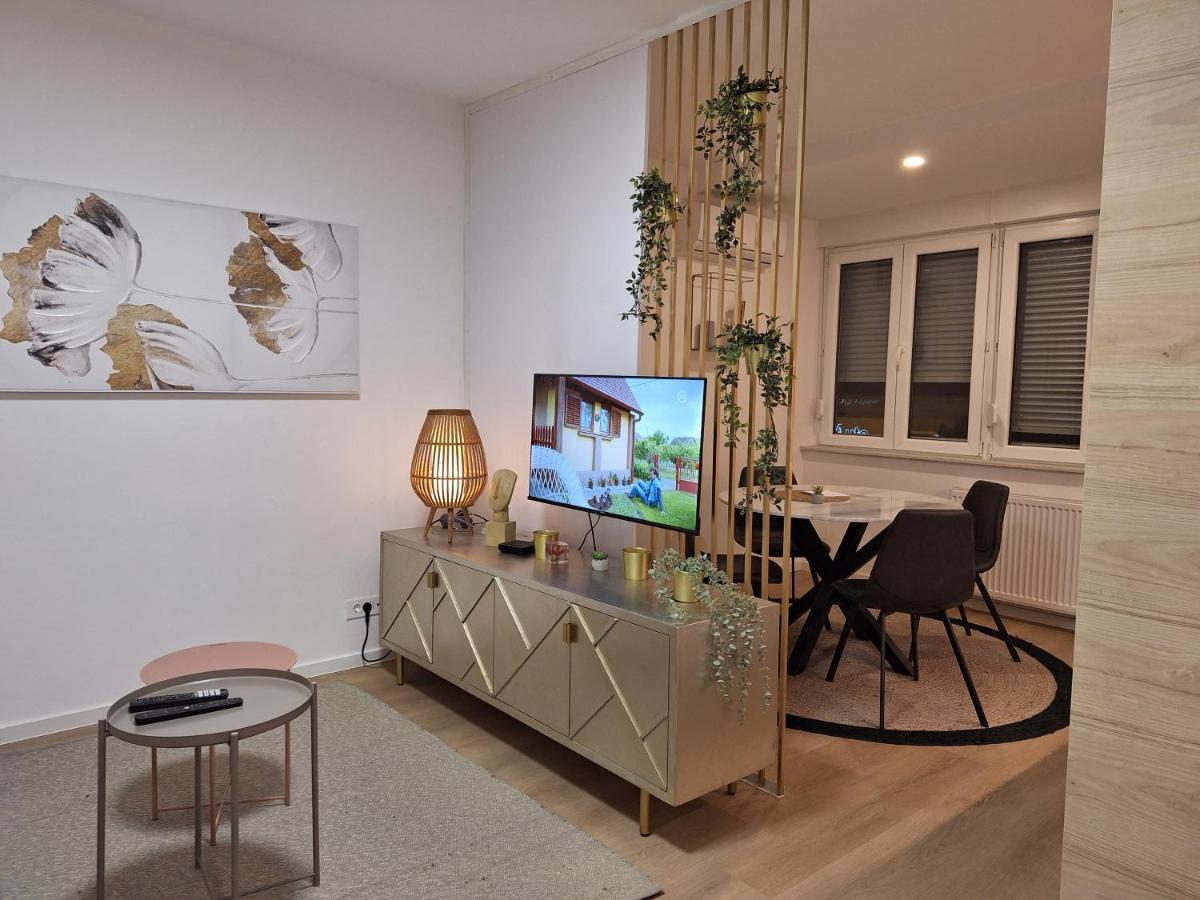 Dolly Apartment Zagreb Bagian luar foto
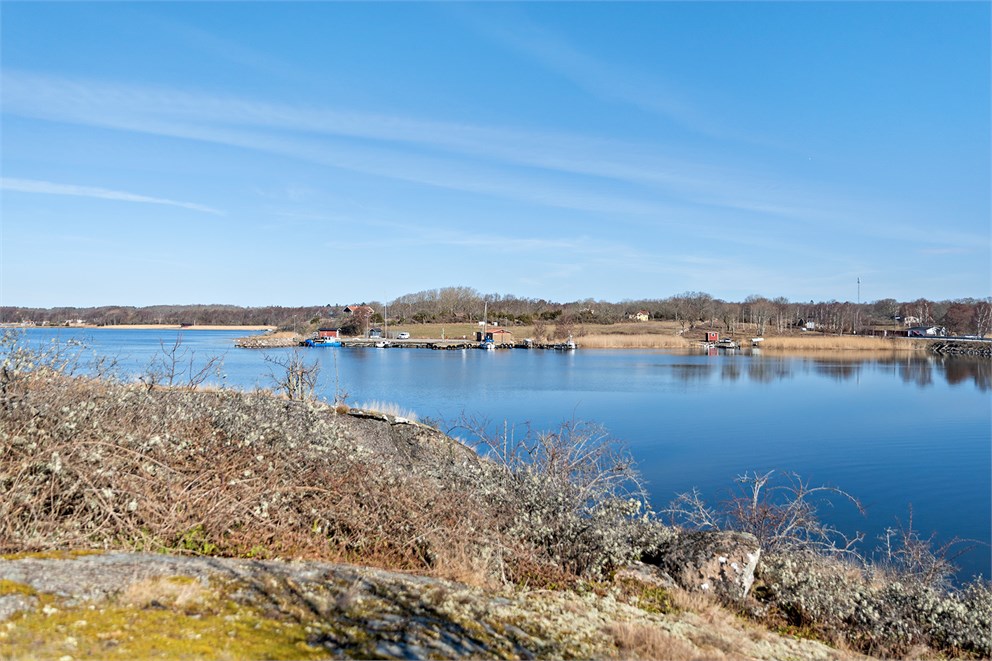 Del av tomt med havsutsikt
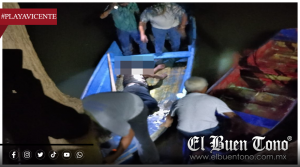 Ebrio roba “chalupa” en Playa Vicente y casi muεre ahog4do al intentar escapar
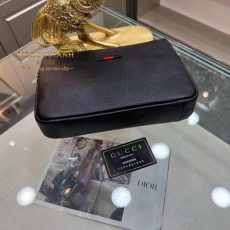 vi gucci nam cam tay mau den da nhan hoa tiet chu in3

************

* [Problem]: Everything from the line containing "Del av tomt med havsutsikt" through the final line of the material must be set down exactly, except the pictures.

* [Exercise response]:
 Del av tomt med havsutsikt
 Ebrio roba “chalupa” en Playa Vicente y casi muεre ahog4do al intentar escapar
 vi gucci nam cam tay mau den da nhan hoa tiet chu in3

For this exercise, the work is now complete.